Work to be completed |
Reproduce word for word the line that contains "C ვიტამინის დეფიციტის" and every line after it to the end of the records, with nothing else added.

Provided records |
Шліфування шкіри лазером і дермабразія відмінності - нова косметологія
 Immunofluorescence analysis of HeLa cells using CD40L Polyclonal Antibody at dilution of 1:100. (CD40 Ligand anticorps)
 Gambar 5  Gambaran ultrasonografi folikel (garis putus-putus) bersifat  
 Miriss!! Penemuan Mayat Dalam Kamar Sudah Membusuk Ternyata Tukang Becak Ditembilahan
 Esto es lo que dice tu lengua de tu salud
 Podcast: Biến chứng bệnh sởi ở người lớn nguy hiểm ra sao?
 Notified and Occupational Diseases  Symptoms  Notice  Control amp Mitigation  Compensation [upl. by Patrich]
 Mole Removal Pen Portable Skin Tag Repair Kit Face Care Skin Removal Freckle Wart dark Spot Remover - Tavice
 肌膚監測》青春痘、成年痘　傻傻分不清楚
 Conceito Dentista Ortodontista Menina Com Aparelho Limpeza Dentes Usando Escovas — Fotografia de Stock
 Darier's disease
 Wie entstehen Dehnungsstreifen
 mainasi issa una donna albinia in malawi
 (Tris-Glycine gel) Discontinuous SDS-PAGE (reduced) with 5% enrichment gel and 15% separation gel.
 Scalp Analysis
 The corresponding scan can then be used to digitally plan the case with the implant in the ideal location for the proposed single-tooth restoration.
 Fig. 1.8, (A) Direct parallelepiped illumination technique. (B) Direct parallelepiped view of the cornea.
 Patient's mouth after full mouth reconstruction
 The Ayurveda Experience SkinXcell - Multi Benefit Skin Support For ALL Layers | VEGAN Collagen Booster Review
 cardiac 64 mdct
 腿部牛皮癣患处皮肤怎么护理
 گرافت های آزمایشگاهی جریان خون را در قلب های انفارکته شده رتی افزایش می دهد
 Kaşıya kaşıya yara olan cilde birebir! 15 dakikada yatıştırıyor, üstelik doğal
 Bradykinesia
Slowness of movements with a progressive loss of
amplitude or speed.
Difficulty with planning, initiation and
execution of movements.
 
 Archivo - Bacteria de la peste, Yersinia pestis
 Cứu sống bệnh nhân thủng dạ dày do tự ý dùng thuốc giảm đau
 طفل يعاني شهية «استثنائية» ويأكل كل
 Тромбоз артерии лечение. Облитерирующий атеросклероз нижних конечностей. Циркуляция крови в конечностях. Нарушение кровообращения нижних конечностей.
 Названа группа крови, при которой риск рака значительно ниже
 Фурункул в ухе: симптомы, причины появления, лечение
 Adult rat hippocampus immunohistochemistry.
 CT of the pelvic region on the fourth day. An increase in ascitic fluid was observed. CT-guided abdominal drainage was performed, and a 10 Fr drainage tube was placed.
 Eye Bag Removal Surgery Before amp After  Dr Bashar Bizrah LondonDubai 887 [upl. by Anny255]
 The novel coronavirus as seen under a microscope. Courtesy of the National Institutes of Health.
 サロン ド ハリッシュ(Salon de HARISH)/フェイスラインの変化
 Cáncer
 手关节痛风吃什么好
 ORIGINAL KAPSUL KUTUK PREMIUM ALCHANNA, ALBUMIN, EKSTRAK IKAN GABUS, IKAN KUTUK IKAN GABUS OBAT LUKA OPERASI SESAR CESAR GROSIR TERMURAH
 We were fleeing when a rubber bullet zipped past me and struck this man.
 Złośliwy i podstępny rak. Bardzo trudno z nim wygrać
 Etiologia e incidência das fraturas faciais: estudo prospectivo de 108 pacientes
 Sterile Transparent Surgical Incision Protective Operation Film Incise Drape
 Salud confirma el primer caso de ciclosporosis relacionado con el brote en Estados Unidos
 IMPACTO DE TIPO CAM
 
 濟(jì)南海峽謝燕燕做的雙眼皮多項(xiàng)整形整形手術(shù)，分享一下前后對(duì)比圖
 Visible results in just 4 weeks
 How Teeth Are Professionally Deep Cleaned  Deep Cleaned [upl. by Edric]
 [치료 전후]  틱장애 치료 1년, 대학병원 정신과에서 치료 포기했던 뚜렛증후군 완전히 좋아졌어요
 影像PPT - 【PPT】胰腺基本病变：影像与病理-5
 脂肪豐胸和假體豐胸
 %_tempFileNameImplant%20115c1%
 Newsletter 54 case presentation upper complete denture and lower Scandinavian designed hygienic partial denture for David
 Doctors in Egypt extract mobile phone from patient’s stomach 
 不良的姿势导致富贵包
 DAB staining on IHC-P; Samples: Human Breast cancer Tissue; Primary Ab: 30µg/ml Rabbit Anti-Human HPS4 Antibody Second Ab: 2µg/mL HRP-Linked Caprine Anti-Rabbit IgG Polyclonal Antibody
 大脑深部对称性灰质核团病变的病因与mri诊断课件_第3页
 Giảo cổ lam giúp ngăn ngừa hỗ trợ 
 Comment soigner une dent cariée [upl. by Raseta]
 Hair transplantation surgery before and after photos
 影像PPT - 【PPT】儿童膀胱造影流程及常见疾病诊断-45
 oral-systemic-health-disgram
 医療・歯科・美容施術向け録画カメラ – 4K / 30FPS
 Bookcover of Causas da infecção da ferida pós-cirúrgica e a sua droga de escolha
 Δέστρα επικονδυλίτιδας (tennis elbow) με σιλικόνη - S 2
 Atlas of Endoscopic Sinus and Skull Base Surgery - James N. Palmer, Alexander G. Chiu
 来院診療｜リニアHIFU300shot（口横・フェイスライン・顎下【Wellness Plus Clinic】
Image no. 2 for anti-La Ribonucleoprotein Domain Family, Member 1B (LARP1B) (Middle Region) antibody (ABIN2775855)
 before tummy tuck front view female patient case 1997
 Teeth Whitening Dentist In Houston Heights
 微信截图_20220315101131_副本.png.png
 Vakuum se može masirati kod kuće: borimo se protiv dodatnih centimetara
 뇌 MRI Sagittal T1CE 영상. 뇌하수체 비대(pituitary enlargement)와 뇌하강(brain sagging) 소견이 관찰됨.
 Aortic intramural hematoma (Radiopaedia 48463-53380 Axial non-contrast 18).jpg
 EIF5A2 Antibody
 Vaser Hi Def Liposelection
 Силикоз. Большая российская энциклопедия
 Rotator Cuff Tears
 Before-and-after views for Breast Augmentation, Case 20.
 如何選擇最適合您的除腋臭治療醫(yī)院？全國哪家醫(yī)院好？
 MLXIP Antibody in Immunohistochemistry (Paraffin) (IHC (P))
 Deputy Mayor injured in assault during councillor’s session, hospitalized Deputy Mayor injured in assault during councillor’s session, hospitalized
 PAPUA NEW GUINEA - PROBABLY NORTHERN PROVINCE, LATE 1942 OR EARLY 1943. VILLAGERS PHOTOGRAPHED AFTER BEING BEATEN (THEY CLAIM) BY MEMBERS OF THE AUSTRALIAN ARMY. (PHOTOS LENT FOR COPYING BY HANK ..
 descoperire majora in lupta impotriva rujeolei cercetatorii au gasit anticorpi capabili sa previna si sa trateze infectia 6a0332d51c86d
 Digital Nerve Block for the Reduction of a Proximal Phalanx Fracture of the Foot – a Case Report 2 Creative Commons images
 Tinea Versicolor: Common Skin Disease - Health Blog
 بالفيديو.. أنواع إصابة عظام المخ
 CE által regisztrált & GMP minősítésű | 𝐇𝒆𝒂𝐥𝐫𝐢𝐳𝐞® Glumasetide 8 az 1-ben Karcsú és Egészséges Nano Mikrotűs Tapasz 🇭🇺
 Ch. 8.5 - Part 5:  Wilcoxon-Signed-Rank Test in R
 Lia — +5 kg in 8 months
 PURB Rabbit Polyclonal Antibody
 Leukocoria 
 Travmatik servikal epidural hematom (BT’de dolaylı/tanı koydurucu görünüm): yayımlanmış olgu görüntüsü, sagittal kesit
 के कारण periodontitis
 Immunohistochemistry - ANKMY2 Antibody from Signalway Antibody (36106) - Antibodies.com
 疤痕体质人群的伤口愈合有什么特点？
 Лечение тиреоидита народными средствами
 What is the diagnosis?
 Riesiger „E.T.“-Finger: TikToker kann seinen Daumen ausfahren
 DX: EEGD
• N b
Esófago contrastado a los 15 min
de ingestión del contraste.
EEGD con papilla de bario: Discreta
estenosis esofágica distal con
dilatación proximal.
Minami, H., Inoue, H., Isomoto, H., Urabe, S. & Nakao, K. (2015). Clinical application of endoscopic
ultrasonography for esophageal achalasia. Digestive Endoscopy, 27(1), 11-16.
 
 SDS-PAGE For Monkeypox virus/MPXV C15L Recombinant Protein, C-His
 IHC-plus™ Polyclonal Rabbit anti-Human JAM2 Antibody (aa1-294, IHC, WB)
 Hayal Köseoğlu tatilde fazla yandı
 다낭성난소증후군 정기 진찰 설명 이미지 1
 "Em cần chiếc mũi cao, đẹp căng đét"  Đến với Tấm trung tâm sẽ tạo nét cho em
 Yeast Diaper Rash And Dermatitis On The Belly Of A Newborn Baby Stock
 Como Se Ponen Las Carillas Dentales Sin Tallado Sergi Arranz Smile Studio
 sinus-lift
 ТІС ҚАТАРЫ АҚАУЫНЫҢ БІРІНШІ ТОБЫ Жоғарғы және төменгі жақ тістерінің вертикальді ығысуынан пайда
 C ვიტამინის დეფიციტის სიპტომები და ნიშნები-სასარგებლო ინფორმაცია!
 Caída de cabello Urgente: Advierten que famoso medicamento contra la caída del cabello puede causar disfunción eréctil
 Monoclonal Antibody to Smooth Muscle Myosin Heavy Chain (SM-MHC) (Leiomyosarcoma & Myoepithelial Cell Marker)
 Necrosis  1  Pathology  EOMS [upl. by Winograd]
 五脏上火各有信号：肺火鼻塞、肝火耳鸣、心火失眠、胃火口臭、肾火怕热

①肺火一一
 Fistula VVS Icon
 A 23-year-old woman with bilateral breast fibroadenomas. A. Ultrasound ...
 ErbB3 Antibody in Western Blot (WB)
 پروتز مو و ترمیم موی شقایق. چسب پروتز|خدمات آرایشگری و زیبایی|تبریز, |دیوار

Answer to this exercise |
 C ვიტამინის დეფიციტის სიპტომები და ნიშნები-სასარგებლო ინფორმაცია!
 Caída de cabello Urgente: Advierten que famoso medicamento contra la caída del cabello puede causar disfunción eréctil
 Monoclonal Antibody to Smooth Muscle Myosin Heavy Chain (SM-MHC) (Leiomyosarcoma & Myoepithelial Cell Marker)
 Necrosis  1  Pathology  EOMS [upl. by Winograd]
 五脏上火各有信号：肺火鼻塞、肝火耳鸣、心火失眠、胃火口臭、肾火怕热

①肺火一一
 Fistula VVS Icon
 A 23-year-old woman with bilateral breast fibroadenomas. A. Ultrasound ...
 ErbB3 Antibody in Western Blot (WB)
 پروتز مو و ترمیم موی شقایق. چسب پروتز|خدمات آرایشگری و زیبایی|تبریز, |دیوار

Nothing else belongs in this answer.